TASK STATEMENT: Quote from the first line below through the line that contains "Orecchini Pendenti Lunghi", both included, and leave the pictures out.

RECORDED INFORMATION START

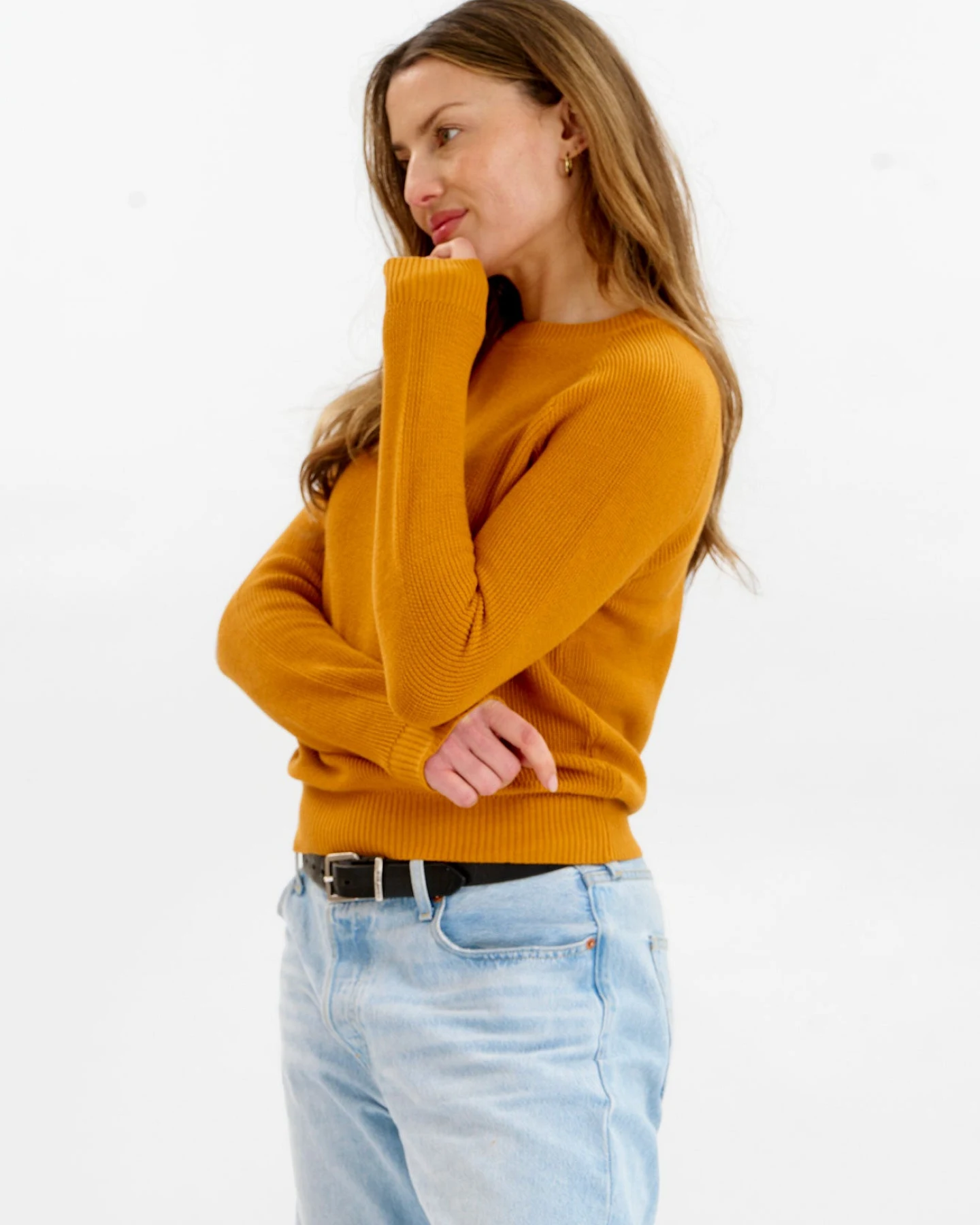 KOMODO Damen vegan Pullover Damen Nebel Senfgelb – Ansicht 2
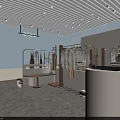 Clothing Store Interior Design With Clothing Racks Mannequins Decorative Plants And Modern Lighting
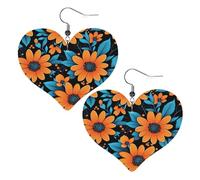 Orecchini Pendenti Lunghi Orange Flowers And Blue Leaves Confortevoli Orecchini Pendenti Stampa Ciondolo Orecchio Per Festa Bambina Vacanze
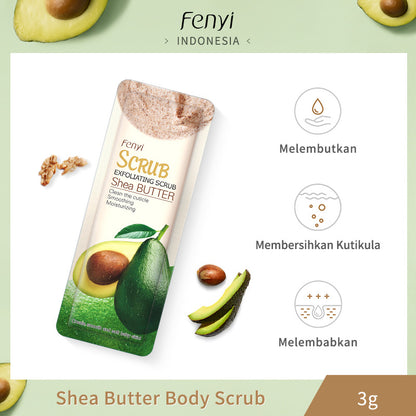 Cross-border FENYI Fenyi Shea Butter Scrub 3g body cleansing pores rejuvenating moisturizing avocado keratin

RECORDED INFORMATION END

COMPLETED TASK:
 KOMODO Damen vegan Pullover Damen Nebel Senfgelb – Ansicht 2
 Clothing Store Interior Design With Clothing Racks Mannequins Decorative Plants And Modern Lighting
 Orecchini Pendenti Lunghi Orange Flowers And Blue Leaves Confortevoli Orecchini Pendenti Stampa Ciondolo Orecchio Per Festa Bambina Vacanze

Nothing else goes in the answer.